If there’s one exercise you need in your lower body strength-training routine, it’s the squat. No surprise here! The squat is a fundamental strength-training exercise that mainly works the lower body but also engages the core. Not only do squats boost raw muscle strength and size, they build functional strength that improves the way you move daily.
But squatting isn’t a smooth and fluid movement for everyone. For various reasons, including anatomy and mobility, some people can’t squat past parallel. If you’re trying to increase the depth of your own squats, you’re probably zeroing in on mobility and flexibility to help lower your body closer to the ground. But here’s an aspect of improving squat depth you might not have considered – your breathing. Is it possible that mastering how you breathe can help you also improve your squat depth?
The Physiology of Breathing During Squats
If you’re an athlete, you know how breathing can impact sports performance. As many coaches say, how you breathe can make or break you. The same may apply to strength training, including squats and how deeply you can squat with good form. By using smart breathing strategies, you can more easily keep proper body alignment, thereby making it easier to go deeper into a squat. When you breathe properly, you create a natural brace for your mid-section that aids core stability as you squat. This allows you to lower your body deeper into a squat. Plus, the more stable your torso is, the less likely you are to injure yourself too.
Intra-Abdominal Pressure (IAP)
One strategy that helps create that natural brace or internal support system for performing squats more efficiently is increasing intra-abdominal pressure. When you inhale deeply and fill your belly with air before lowering into a squat, you stabilize your midsection and give your spine more support and stability. This allows you to maintain better control with each squat, so you’ll use better form and can theoretically go deeper.
Diaphragmatic Breathing
One way to increase in intra-abdominal pressure for greater stability when you squat is to use diaphragmatic breathing. This variation of inhaling and exhaling, also known as belly breathing, engages key muscles like the ones that make up your abs and diaphragm. By increasing your intra-abdominal pressure with diaphragmatic breathing, you gain greater control over your spine and torso, making it easier to squat deeper.
Plus, if you get stressed out when going deep into a squat, diaphragmatic breathing calms your nervous system.
Here’s how to master diaphragmatic breathing and put it to use when you squat:
- Get comfortable.
- Stand or sit in a comfortable position. Apply one hand to your chest and one to your abdomen. Your hands will move as you breathe in and out.
- Take a deep breath.
- Breathe slowly and deeply without opening your mouth. Try to expand your diaphragm fully with each breath, not just your chest. Notice how the hand on your abdomen rises with each breath.
- As you inhale, brace your core muscles, so you’re increasing your intra-abdominal pressure and creating support for your torso and spine.
- Ensure each inhale lasts a minimum of 3 seconds and keep it controlled.
- After each controlled inhalation, breathe out in a slow manner while feeling your hand on your abdomen fall.

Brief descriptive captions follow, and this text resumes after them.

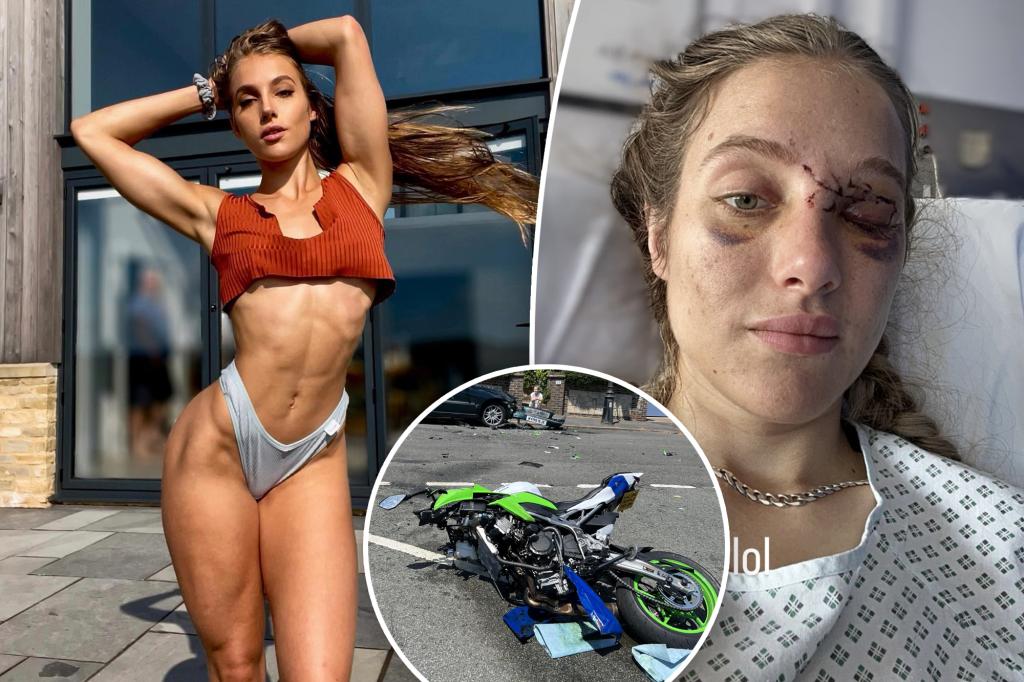 OnlyFans model Mercedes Valentine suffers memory loss after crash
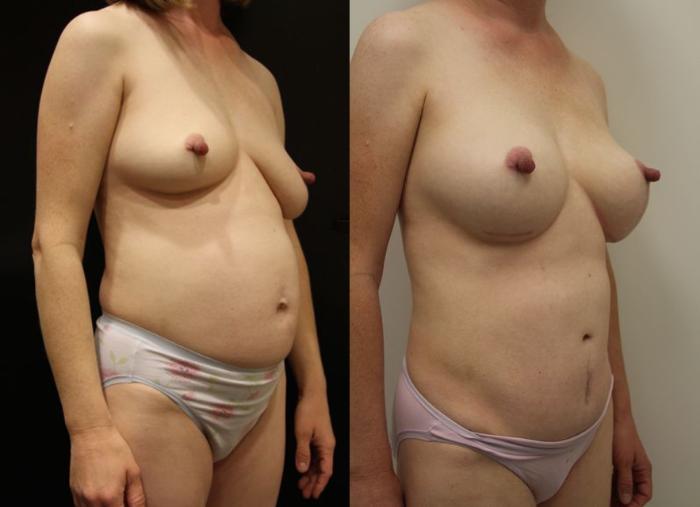 Before & After Breast Augmentation Case 23 View #1 View in Gilbert, AZ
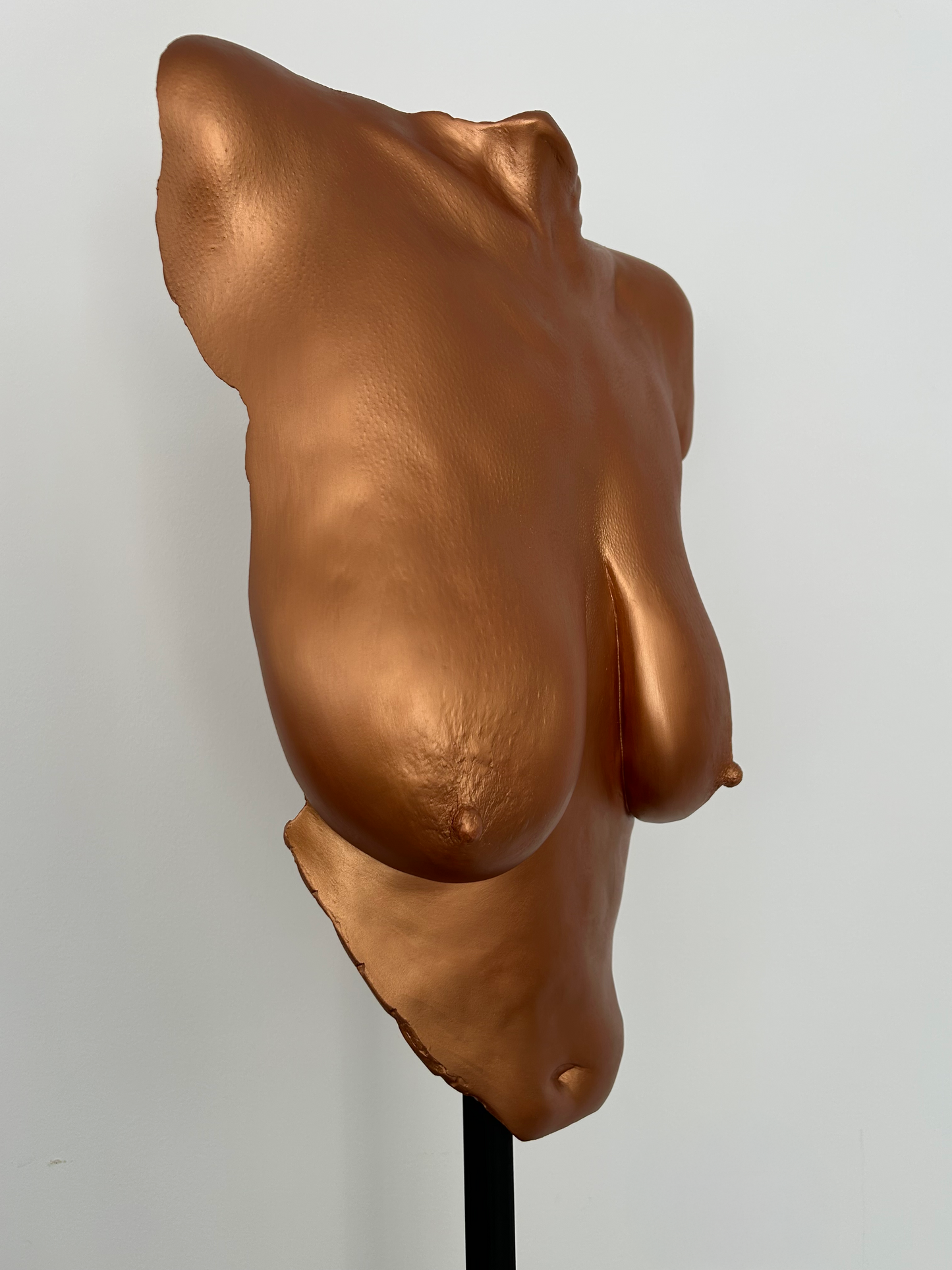 N.P. Breast Cast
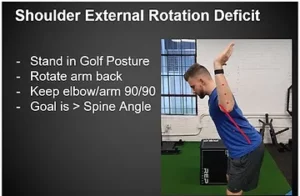 Shoulder external rotation deficiency test.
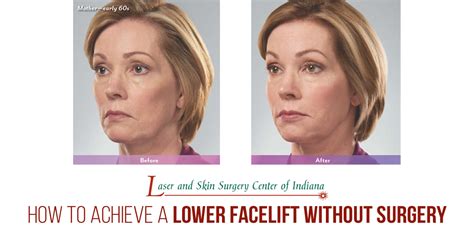 Achieve A Lower Facelift Without Surgery The Laser And Skin Surgery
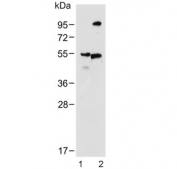 Western blot testing of 1) human skeletal muscle and 2) rat skeletal muscle lysate with MCT4 antibody. Predicted molecular weight ~50 kDa.
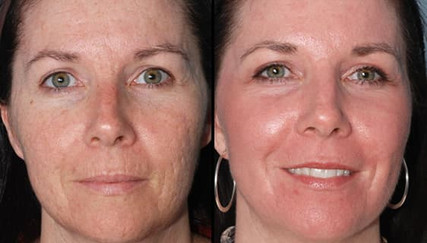 Laser stretchmark scar removal in woman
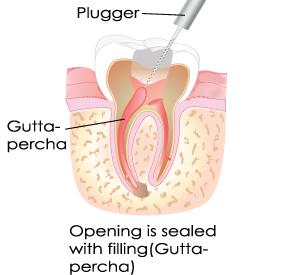 Root canal in Dumont, NJ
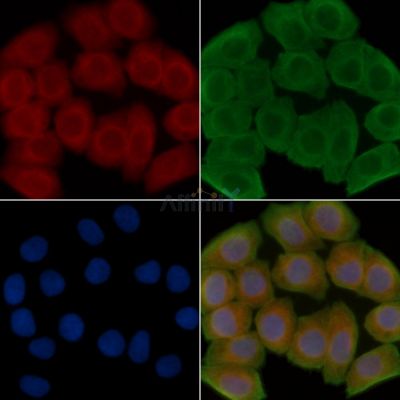 BLNK Antibody - AF6566 staining Hela cells(30min of UV treatment) by IF/ICC.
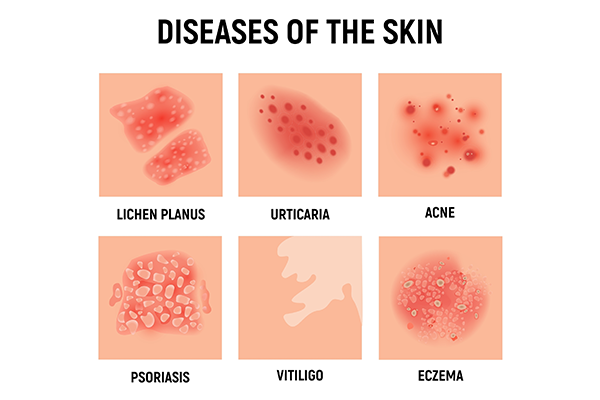 skin rashes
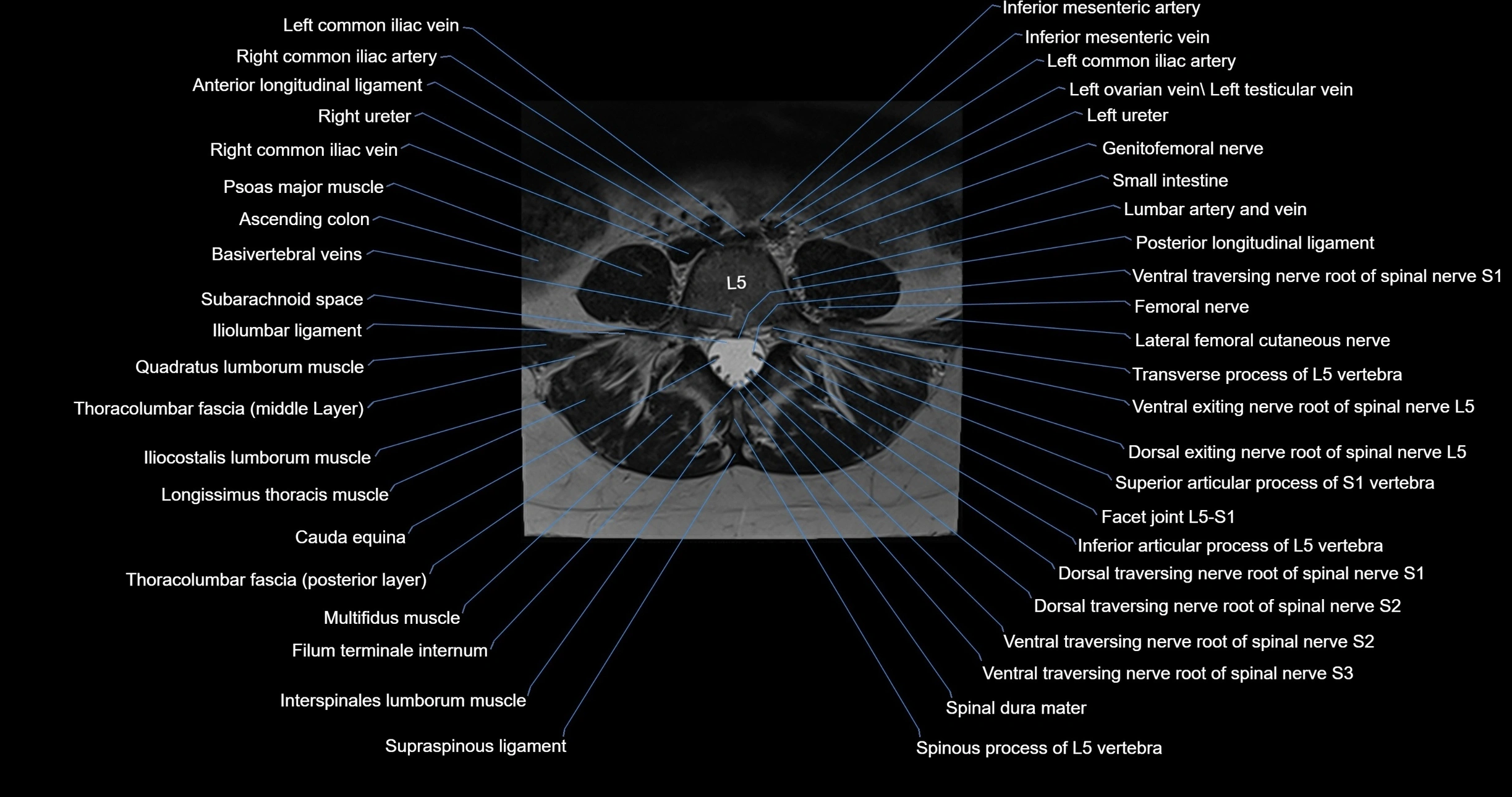 MRI lumbar spine axial cross sectional anatomy 3T radiology  image-img-00001-00038.webp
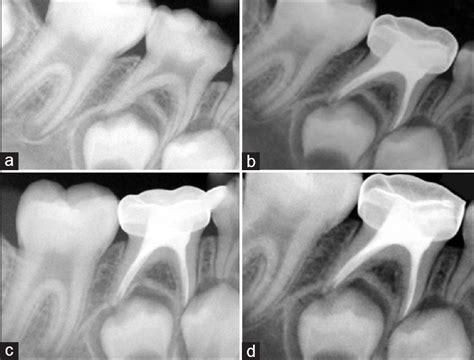 „ administer local „ isolate „ excavate caries. Single- versus two-visit pulpectomy treatment in primary ...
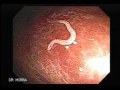 parasite in the colon whipworm trichuris trichiura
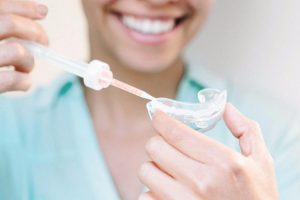 Η λεύκανση είναι μια από τις πιο δημοφιλείς οδοντιατρικές διαδικασίες που σχετίζονται με την αισθητική οδοντιατρική, επειδή μπορεί να βελτιώσει σημαντικά την εμφάνιση των δοντιών σας.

- Don’t completely release tension on your core as you exhale.
Now that you know how to breathe diaphragmatically, let’s see how to use it when you squat:
Set Up for Your Squat
Once you’re ready to squat, take another deep diaphragmatic breath in as you brace your core. Hold until you’re ready to squat.
- Descend into a squat.
- As you descent into a squat, keep your core braced, chest lifted, and your back straight.
- Exhale as you lift your torso back up
- To return to the starting position, push into the floor with your heels to raise your body back up. As you do, exhale slowly but forcefully. A slow, controlled exhale will help you keep the movement stable and controlled.
- As you push through your heels to stand back up, exhale forcefully through your mouth or nose. This helps maintain control and stability as you rise back to standing.
When using this technique, start with lighter weights or your own body weight. Don’t focus on using heavy weights or going too deep until your breathing patterns become second nature. One way to visualize it is to think of your diaphragm as a balloon that fills up each time you breathe.
What about the Valsalva Maneuver?
Many serious weightlifters use a breathing technique called the Valsalva maneuver when they lift. They do this for better torso support, giving them more stability when using heavy weights. To harness the Valsalva, they breathe in deeply and hold their breath as they lift or squat. While this approach increases intra-abdominal pressure for more stability, it also reduces the flow of blood back to your heart. This can raise your blood pressure and heart rate. So, this approach carries risks if you have hypertension or cardiovascular disease. Avoid doing this without discussing the pros and cons with your doctor.
Rhythmic Breathing (An Alternative to Diaphragmatic Breathing)
Some lifters prefer a more dynamic breathing pattern. This approach is where you inhale during the eccentric (lowering) phase and exhale during the concentric (rising) phase. This technique may help keep a steady oxygen supply to the muscles, potentially enhancing endurance during high rep sets or when working at submaximal loads.
Practical Applications for Improved Squat Depth
Are you ready to get started?
To tap into the power of breathing for improving squat depth:
- Practice diaphragmatic breathing techniques and master them, so you can apply it to your squat training.
- Experiment with rhythmic breathing too and see which works best for you when you squat.
- Learn to take a deep breath and brace your abs when you descend into a squat. Work on it until it becomes natural to you.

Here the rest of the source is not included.